● **How to complete this task**:
Beginning at the line that includes "this 590×332 image.", print each remaining line of the data word for word. Output nothing else.

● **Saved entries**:
-.-.-

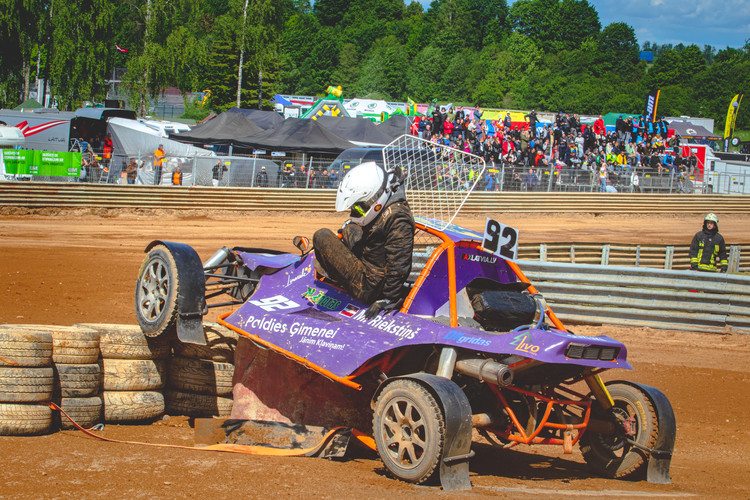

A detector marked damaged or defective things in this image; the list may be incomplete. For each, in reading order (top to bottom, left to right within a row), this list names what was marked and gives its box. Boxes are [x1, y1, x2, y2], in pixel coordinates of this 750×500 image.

overturned wheel [137, 244, 181, 338]
crashed buggy [134, 135, 676, 490]
overturned wheel [372, 378, 444, 484]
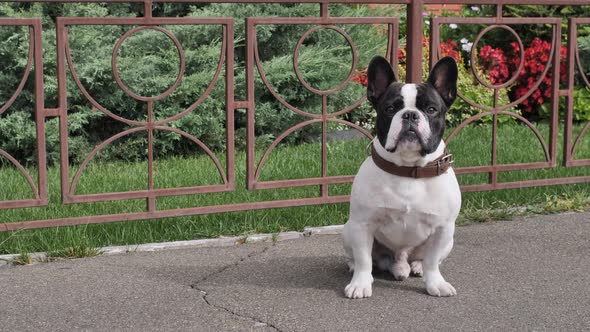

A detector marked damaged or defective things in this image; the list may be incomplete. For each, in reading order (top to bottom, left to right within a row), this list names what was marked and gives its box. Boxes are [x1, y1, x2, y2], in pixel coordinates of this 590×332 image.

rusty brown fence rail [0, 0, 588, 231]
crack in asphalt [190, 246, 282, 332]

-.-.-

● **Result below**:
A detector marked damaged or defective things in this image; the list may be incomplete. For each, in reading order (top to bottom, left to right within a row), this list names what was marked and gives its box. Boxes are [x1, y1, x2, y2], in pixel coordinates of this 590×332 image.

rusty brown fence rail [0, 0, 588, 231]
crack in asphalt [190, 246, 282, 332]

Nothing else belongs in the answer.